• _WORK REQUIRED_
All the lines below need retyping exactly, apart from the images.
[THE DATA Boundary: Start]
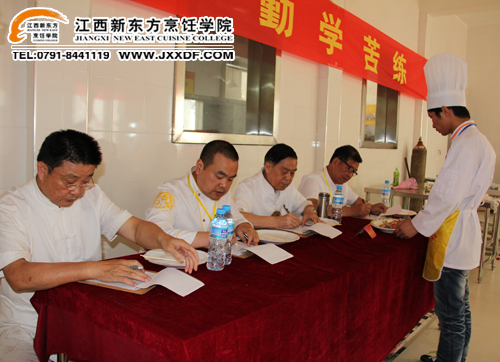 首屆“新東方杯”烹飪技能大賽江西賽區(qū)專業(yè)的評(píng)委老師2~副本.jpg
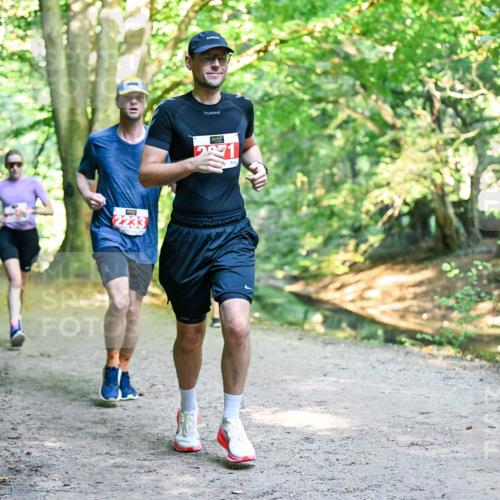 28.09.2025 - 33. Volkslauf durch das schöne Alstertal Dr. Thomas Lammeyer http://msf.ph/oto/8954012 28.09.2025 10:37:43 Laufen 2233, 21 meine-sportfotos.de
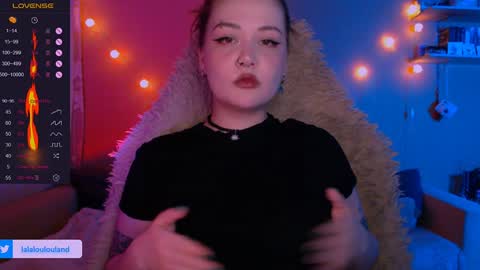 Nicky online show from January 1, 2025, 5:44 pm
[THE DATA Boundary: End]
• _RESPONSE TO THIS TASK_
 首屆“新東方杯”烹飪技能大賽江西賽區(qū)專業(yè)的評(píng)委老師2~副本.jpg
 28.09.2025 - 33. Volkslauf durch das schöne Alstertal Dr. Thomas Lammeyer http://msf.ph/oto/8954012 28.09.2025 10:37:43 Laufen 2233, 21 meine-sportfotos.de
 Nicky online show from January 1, 2025, 5:44 pm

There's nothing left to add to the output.